What you give must be the lines from the one containing "143 W Gaul St, Wernersville, PA 19565" through the last line of the listing below, exactly, with nothing else and no pictures.

Provided data:
+ + +
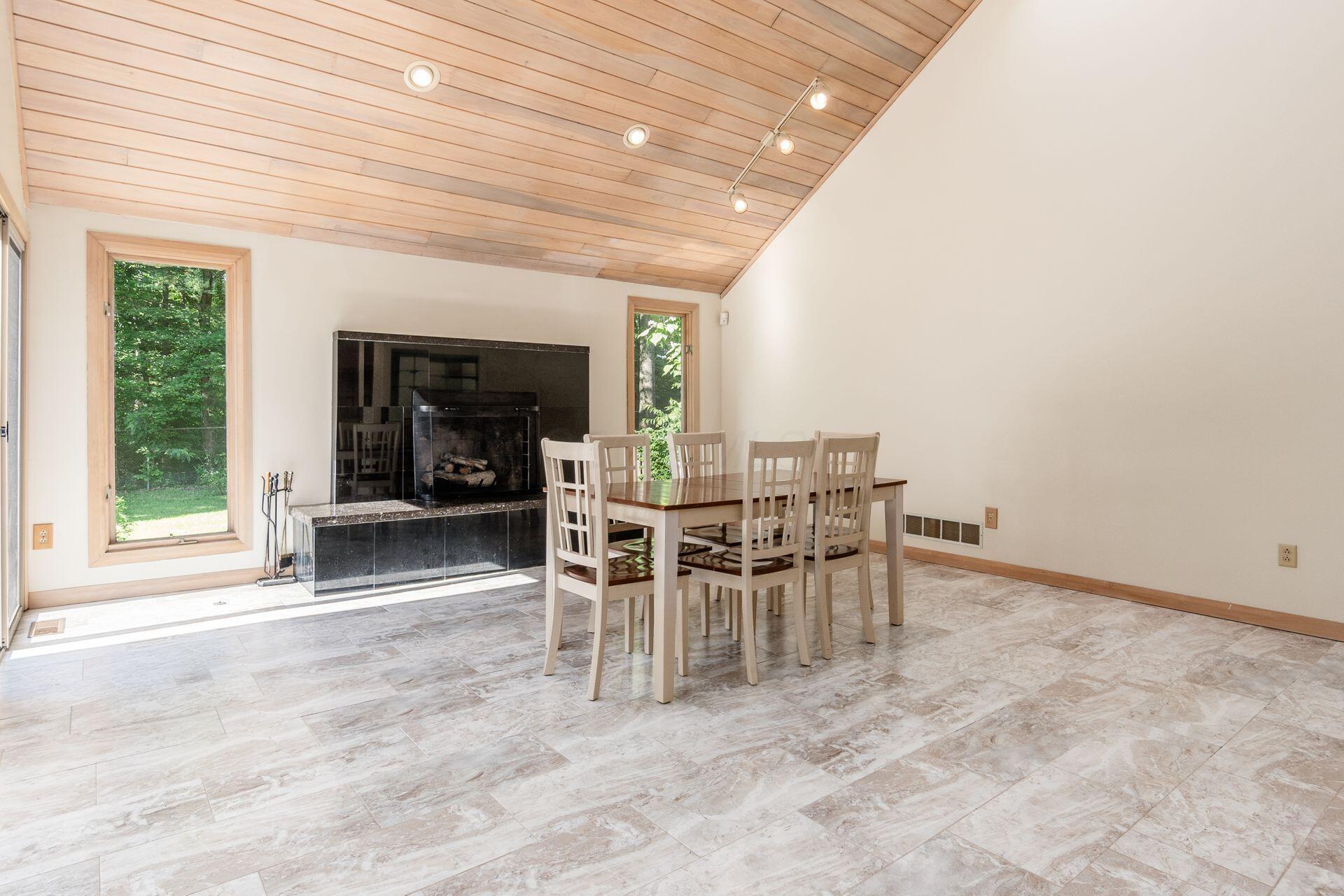 259 Autumn Leaf Court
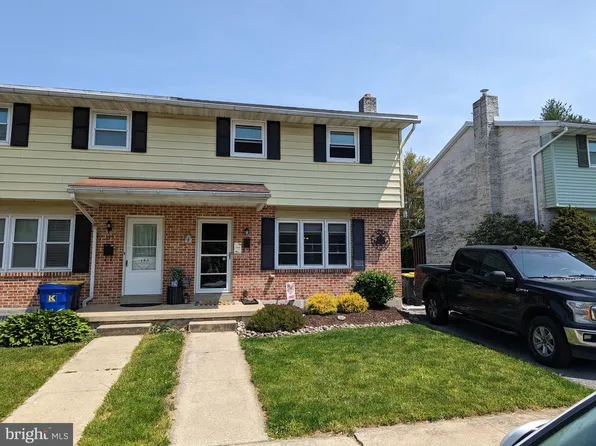 143 W Gaul St, Wernersville, PA 19565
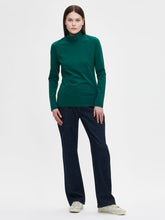 Lataa kuva Galleria-katseluun, Nanso poolo Mari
+ + +
Your response:
 143 W Gaul St, Wernersville, PA 19565
 Lataa kuva Galleria-katseluun, Nanso poolo Mari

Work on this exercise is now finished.